Growing in Eden Gardens
When I returned to Detroit from Adamah, the Jewish Environmental Fellowship in 2008, I had only two things on my mind: food and Jews. Having grown up in the Detroit suburbs, I had never before grown my own food. Coming of age in a secular family that belonged to a large Reform congregation, I had never sung Jewish songs, and had never celebrated Shabbat. At Adamah, we sang at every opportunity, and felt the meaning of Shabbat through the grateful rest of our aching muscles. From the moment I returned to Detroit, this time to the urban center instead of the 3rd ring suburb of my youth, I wondered if there would be some way to lead a Jewish life as rich and grounded as life at Adamah had been. There were a few realities that allowed me to excuse this as an impossible dream.
First, most of Detroit’s Jewish population exited the city for the suburbs over the course of the 50s and 60s. Much of this exit was motivated by post-WWII upward mobility, demographic shifts, and consequent racial tension. Also, most Jewish communities I’ve known in my life have been defined by insularity and exceptionalism, which led to my belief that, because the city of Detroit is 85% black, any Jewish Renaissance within its boarders was more likely to result in gentrification than integration.

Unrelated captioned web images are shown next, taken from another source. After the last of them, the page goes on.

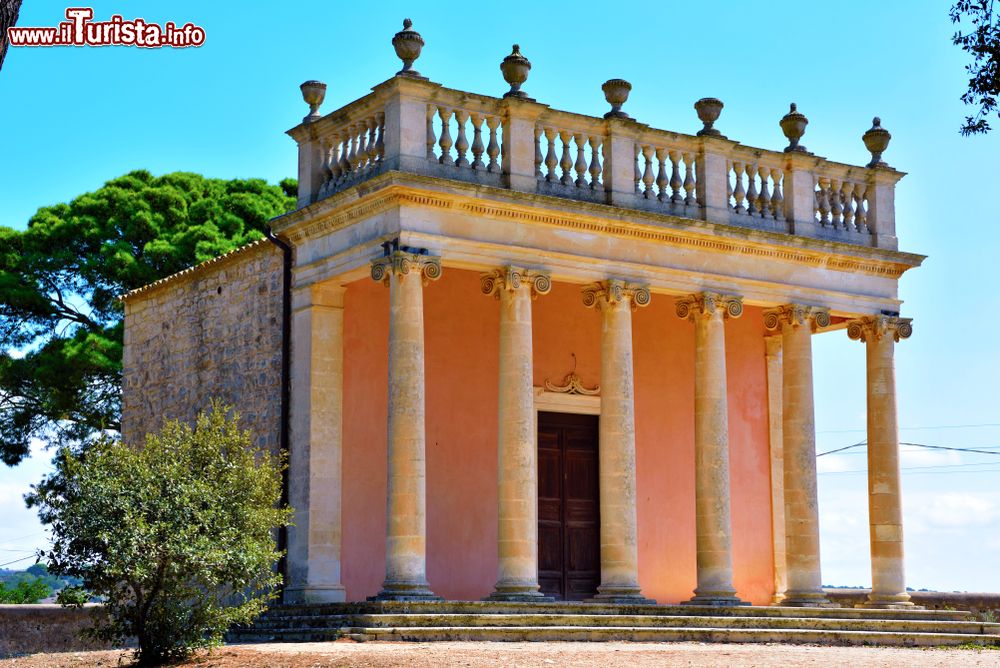 Immagine La neoclassica Coffe House nel giardino del castello di Donnafugata, Sicilia: sorge nel parco di 8 ettari che circonda la dimora ed era utilizzata per dare ristoro agli ospiti del palazzo.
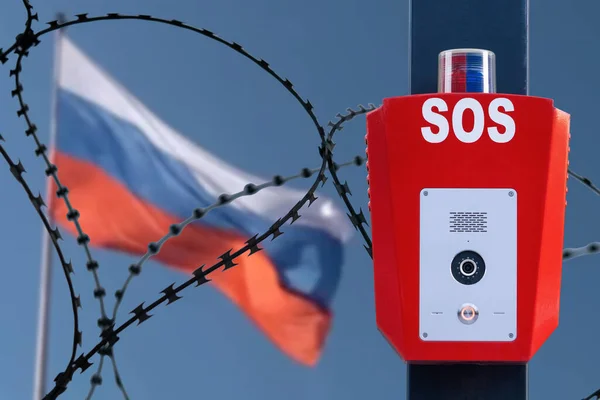 Ruská Vlajka Plotem Ostnatého Drátu Pojem Sporu Hranice Spor Přistěhovalectví — Stock fotografie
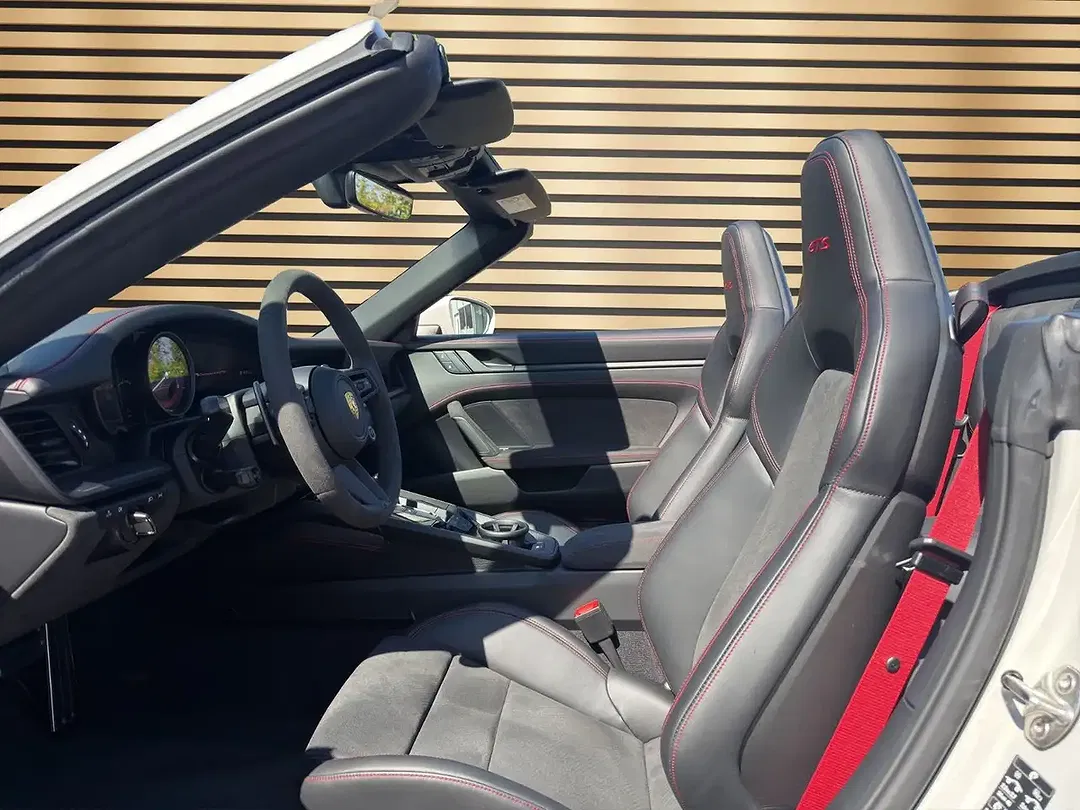 Porsche 992 Carrera 4 GTS Cabriolet - Thumbnail 10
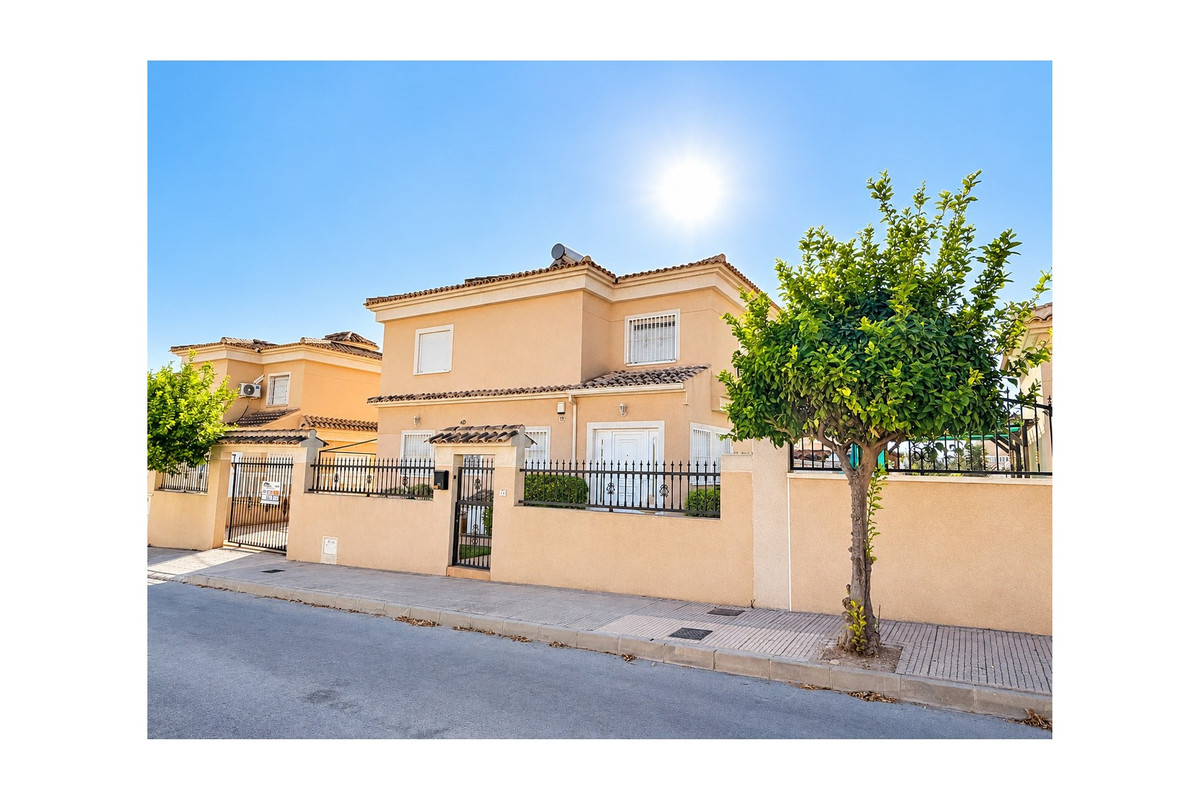 4 Bed Townhouse for sale in San Fulgencio Costa Blanca, Alicante, Spain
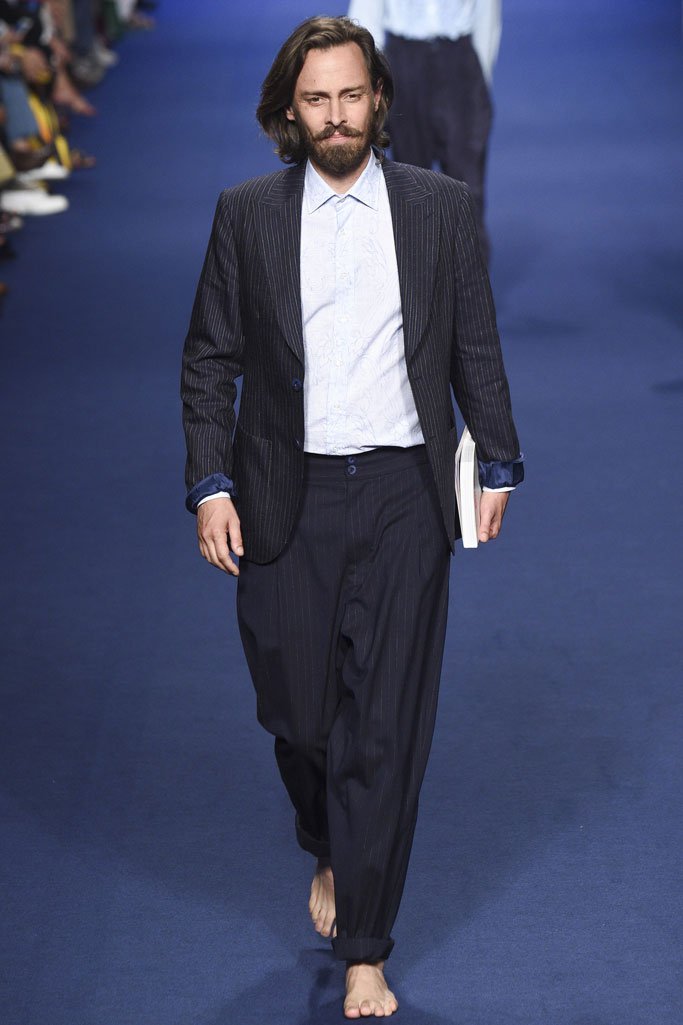 Etro（艾特罗）2025米兰时装发布会男装秀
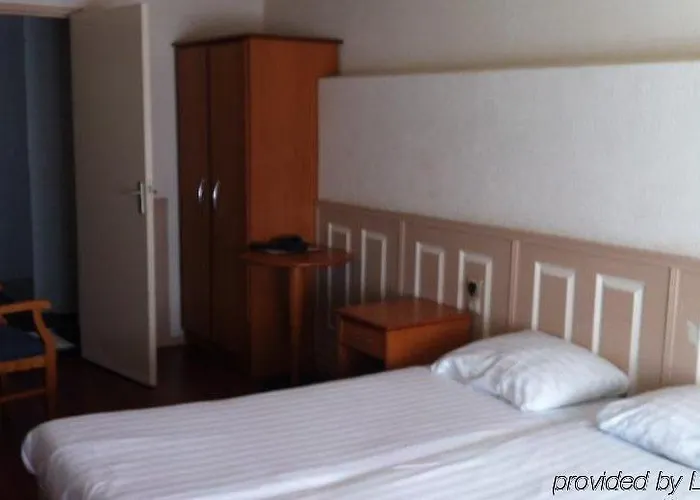 Hotel Delta Center 3*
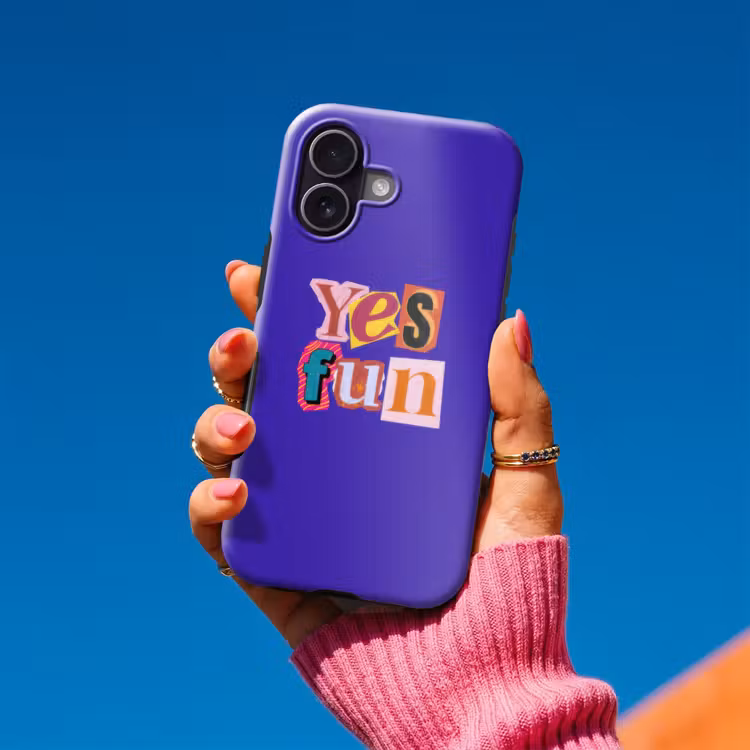Yes fun - Kleurrijk - Collage-stijl Toughcase MagSafe Apple iPhone 17 klein -Sfeer1V
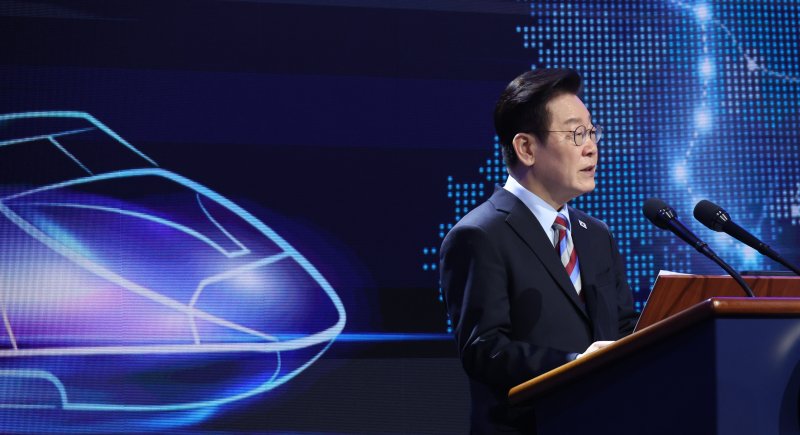 이재명 대통령이 6일 경남 거제시 견내량 인근에서 열린 남부내륙철도 착공식에서 기념사를 하고 있다. 연합뉴스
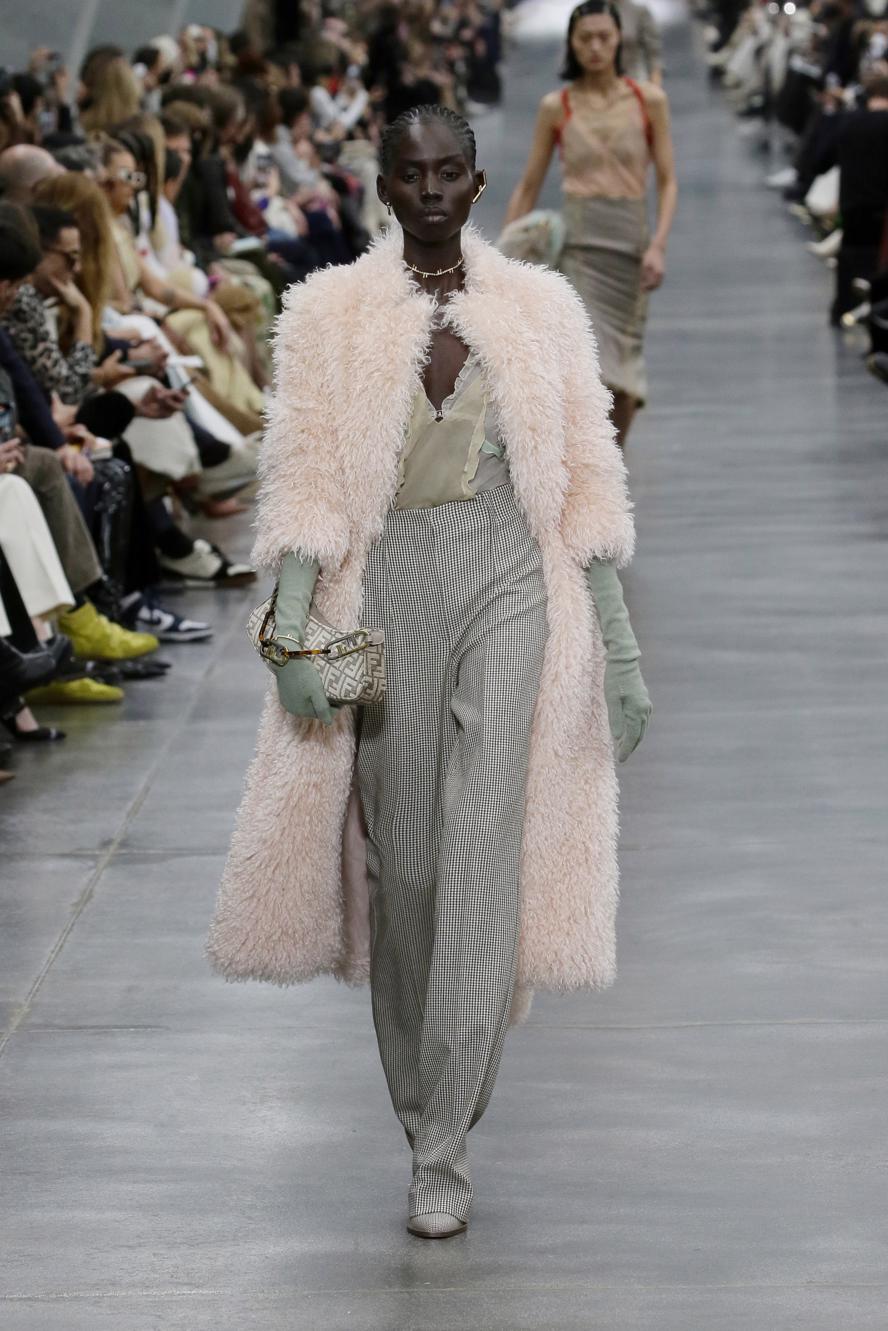 milan-fashion-week--fendi-fall-winter-2023-collection-06_FENDI_WOMEN_FW_22-23.JPG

Then, I met Chava. Born Karen Knox, Chava grew up in Detroit with the knowledge that her great grandmother was a Russian Jew who married an African American in the south in the late 1800s. I met Chava in 2009, around the time when she was about a year into a ritual conversion process. By 2012, she was celebrating her bat mitzvah amidst whoops and hollers like nothing you can imagine, because, you see, Chava is the kind of person a whole lot of people can fall in love with. And over the last few years, I have become one of those people. Also in Chava’s court are her neighbors, with whom she founded a block club in 2009.
Chava told me from the earliest days of our friendship that she dreamed of her neighborhood being a Jewish community. When she first told me this, I cringed, imagining her working class neighbors steadily replaced by eager young white Jews like myself, replicating the cycles of injustice I yearned to ameliorate. But Chava’s vision was not to be so oversimplified, and through her and her neighborhood, which she auspiciously named Eden Gardens, I’ve begun to understand that a different kind of Jewish community is possible. As Chava and I realized our shared passion for community, Judaism, and food, we sought a grant from the Jewish Women’s foundation of Metro Detroit through the Isaac Agree Downtown Synagogue to start a faith-based farm in Eden Gardens with the express purpose of growing relationships between two communities, her neighborhood (predominantly African-American), and our shul. Chava and I saw this work as one small effort to repair relationships long-ago abandoned in our region.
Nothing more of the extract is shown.